Tuesday, June 21, 2011

Tell Me What to Talk About

by Shelly Blake-Plock

So, in July, I'll be giving a keynote at Lenovo's ThinkTank 2011 event in DC. And I'm thinking about what to say. And I'd like your help. So let me give you some details...

My talk is ideally going to be split up into a piece where I open my mouth and things come out and a piece where we get to hear from you to get some conversation going. Intentionally, I'm leaving lots of room for improvisation; that's where things get interesting.

Also on the bill that day will be Michelle Rhee. Which is fun given that I think both she and myself would be considered to represent different segments of the education reform thing. Unfortunately, one of the problems, (and I myself am guilty of this), is that the folks camped out in the polar regions of the ed reform debate tend to do little more than actively ignore one another whilst in the doldrums between the predictable lobs of grenades. I'd like to go somewhere different in my talk and conversation.

As an independent school teacher with public school teaching experience; a city kid who has taught kids who live on farms; a f2f advocate who currently is planning a year of virtual teaching; a Catholic school graduate who is a  father of three public school kids; a former post-secondary student with tours-of-duty in public, private, and Catholic universities; and as a teacher of Baltimore City Public School teachers in a private university, I see myself both as having a variety of experiences and understandings about how American education works as well as a bit of a twisted up and multiple-personality take on what it all means. Public / Private. Affluent / Not-affluent. Sectarian / Non-sectarian. Urban / Suburban / Rural.

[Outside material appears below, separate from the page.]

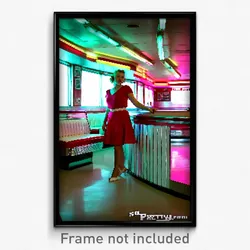 Pixel Art Poster - Pretty 50'S Diner (8 Bit Psychedelic Trippy Video Game Print)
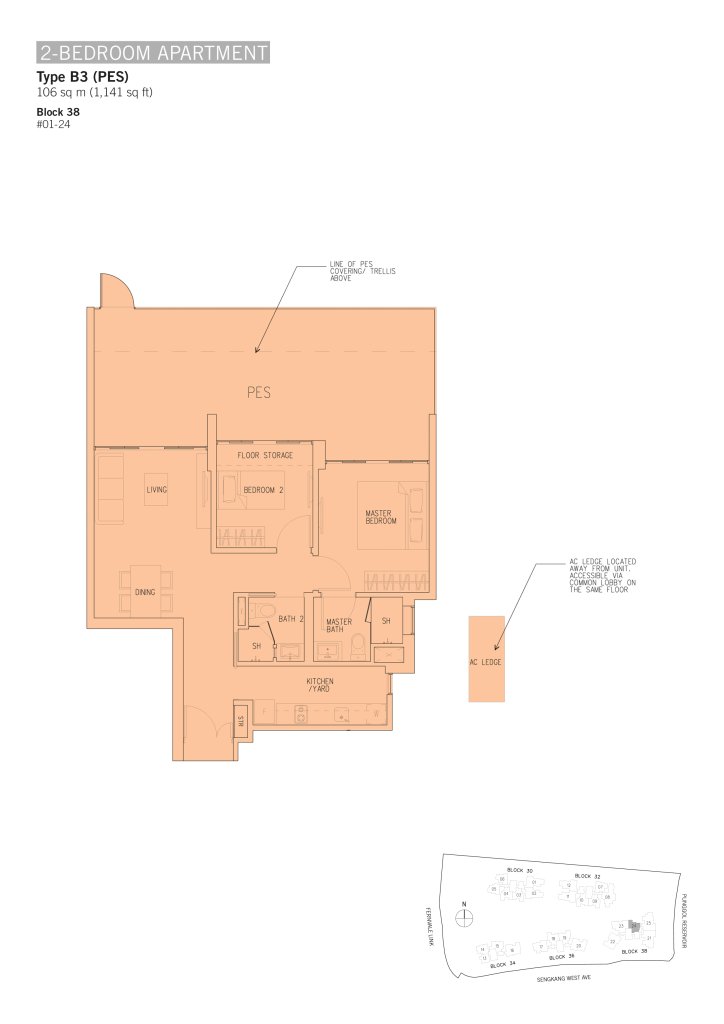 H2O Residences floor plan 1,141 sqft Type B3(PES)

So I'm looking for some clarity.

Shoot over ideas, thoughts, criticisms, hollers, and taunts. I wanna hear the good, the bad, the true. What should I be thinking about going into this thing? Is it just a work of extended ego, or can I make something useful out of this talk? Should I forgo the talk altogether and lead the audience in guided meditation?

Hit me with ideas. I want to help express your thoughts out there.